As described in this review, numerous methods have been developed to study the biomechanical particularities and implications on pathological progression of tumors. Exper-imental procedures, both in vitro and in vivo, alongside computational methods, have uncovered the puzzle pieces of a complex mechanism yet to be appropriately interconnected, which involves a variety of parameters such as cell–cell adhesions, cell–substrate interactions, microenvironment biomechanical behavior, or cytoskeleton rearrangements that inform and regulate the collective cell migration behavior. However, there is still a ways to go to unveil all the intricacies of such mechanism underlying collective cell migration. Experimentally, current limitations include the potential differences between the in vitro models (2- and 3-dimensional) and the in vivo realities, oftentimes difficult to address. Although experimental methods have been adapted for in vivo studies in the case of small organisms, observing collective cell migration triggering in mammals is still challenging.^144,145 On the other hand, computational models have not necessarily focused on collective migration in the case of cancer, even if basic principles and uncovered biomechanical factors still hold. Given the differences between cancer cells and their normal counterparts²⁸ as well as the particularities of the interactions within tumor stroma,¹⁶¹ some of the existing modeling strategies remain to be improved to account for such factors. Some advancements in the field have focused on the cell collective–ECM interactions during migration, showing that local stiffness anisotropy influences the migration direction¹⁹² or that ECM fibers play an important role in long-distance mechanosignaling in both the single-cell¹⁹³ and multicellular cases.^194,195 These are promising strategies, especially in light of multiple experimental works showing a strong dependency of cell migration and ECM composition, stiffness, and orientation.

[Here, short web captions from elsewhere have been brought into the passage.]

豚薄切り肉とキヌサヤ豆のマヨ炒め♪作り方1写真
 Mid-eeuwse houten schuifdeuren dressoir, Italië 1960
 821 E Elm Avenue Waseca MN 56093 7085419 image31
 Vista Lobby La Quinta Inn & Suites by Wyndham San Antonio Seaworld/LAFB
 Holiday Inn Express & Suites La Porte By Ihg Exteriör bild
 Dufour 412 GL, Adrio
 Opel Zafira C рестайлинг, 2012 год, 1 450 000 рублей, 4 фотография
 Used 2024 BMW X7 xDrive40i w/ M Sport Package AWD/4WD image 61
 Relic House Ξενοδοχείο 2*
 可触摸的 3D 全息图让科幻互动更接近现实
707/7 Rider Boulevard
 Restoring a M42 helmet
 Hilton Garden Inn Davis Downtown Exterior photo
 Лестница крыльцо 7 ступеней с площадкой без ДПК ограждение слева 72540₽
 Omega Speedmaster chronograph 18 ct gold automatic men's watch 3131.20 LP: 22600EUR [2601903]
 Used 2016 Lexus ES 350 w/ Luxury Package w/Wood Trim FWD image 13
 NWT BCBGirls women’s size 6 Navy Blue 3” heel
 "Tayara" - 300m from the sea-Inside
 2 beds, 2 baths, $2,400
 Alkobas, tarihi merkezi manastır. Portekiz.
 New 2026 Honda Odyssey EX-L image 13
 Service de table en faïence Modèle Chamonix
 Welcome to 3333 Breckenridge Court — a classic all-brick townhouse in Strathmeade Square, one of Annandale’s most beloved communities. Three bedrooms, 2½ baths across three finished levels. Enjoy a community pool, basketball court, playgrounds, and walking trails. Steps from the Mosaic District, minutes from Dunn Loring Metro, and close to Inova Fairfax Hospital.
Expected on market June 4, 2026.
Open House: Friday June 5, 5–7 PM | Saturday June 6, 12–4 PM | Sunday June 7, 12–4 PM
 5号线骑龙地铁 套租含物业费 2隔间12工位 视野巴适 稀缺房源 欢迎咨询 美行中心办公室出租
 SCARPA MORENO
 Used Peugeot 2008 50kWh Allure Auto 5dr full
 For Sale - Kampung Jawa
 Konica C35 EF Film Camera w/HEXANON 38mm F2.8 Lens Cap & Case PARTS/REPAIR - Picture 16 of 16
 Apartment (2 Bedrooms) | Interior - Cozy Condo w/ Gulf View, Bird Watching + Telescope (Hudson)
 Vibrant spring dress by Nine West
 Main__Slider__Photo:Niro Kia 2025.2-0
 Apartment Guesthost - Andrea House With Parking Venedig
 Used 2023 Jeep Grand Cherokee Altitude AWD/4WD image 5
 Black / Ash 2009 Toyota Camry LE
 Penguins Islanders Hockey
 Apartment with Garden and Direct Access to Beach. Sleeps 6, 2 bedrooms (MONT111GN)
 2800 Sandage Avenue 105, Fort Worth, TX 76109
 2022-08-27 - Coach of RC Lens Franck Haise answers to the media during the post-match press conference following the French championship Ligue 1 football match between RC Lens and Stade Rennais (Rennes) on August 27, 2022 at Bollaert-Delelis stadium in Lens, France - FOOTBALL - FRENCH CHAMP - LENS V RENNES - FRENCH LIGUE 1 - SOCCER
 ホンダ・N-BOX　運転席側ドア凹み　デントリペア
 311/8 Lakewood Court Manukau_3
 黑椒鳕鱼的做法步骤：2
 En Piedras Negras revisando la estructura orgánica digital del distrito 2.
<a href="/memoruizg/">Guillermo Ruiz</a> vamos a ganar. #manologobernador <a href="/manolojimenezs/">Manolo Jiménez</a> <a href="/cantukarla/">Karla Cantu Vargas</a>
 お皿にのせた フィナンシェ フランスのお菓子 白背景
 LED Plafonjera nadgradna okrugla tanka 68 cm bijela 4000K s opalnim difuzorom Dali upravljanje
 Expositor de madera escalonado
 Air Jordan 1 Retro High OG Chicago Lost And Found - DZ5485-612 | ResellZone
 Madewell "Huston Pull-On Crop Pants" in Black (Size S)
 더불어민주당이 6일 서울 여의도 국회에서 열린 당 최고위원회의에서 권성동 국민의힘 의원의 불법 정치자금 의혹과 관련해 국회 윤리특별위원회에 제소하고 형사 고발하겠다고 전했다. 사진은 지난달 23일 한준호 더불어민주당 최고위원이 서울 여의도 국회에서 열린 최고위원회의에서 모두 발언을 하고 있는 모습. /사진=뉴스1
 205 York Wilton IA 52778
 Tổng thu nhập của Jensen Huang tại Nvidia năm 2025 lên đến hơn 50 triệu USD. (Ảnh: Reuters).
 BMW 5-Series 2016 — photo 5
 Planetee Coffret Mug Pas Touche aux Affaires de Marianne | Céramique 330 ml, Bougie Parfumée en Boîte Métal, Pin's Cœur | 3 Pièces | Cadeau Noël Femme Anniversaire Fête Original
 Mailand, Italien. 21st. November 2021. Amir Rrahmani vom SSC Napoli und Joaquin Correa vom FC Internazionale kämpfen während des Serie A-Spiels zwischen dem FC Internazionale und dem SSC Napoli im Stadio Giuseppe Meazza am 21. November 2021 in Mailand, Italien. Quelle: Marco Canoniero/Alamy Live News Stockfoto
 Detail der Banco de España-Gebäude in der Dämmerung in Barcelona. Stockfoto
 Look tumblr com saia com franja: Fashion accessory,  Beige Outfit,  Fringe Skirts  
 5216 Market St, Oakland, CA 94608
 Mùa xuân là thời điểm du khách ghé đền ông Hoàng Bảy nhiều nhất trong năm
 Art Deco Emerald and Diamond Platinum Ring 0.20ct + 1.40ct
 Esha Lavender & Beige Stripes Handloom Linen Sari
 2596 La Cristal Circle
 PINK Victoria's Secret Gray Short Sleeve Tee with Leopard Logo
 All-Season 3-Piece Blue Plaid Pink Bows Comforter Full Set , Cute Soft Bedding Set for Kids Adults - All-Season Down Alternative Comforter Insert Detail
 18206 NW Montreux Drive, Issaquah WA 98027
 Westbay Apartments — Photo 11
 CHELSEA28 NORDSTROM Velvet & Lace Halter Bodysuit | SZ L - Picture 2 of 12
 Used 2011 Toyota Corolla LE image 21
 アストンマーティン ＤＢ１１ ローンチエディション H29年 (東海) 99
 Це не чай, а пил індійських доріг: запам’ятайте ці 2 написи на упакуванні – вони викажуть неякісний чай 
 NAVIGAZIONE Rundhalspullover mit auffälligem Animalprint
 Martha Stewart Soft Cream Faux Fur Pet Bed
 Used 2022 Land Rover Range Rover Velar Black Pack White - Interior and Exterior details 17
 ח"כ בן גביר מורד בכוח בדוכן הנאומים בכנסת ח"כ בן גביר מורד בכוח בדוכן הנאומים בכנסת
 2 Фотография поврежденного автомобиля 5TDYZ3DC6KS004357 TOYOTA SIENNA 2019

From a clinical perspective, proposed methods of targeting collective cancer cell behavior include targeting leader cells^42,139 or reducing cell–cell communication.¹⁹⁶ However, even if technical hurdles of detection and genetic engineering could be overcome, previous results seem to shade the potential usability of such methods. For example, studies targeting cell–cell communication have shown that tumor aggressiveness increases while collective behavior decreases, indicating a trade-off between collaboration and competitive-ness.^42,197 Nonetheless, while the role of collective cell behavior is more evident in cancer metastasis, other features of tumors might be enhanced by it, including drug resistance and the support of stem cell niches.¹⁴⁵ Therefore, a better understanding of the mechanisms at play could allow for the right amount of trade-offs as researchers develop new strategies to improve diagnosis or therapeutic efficacy.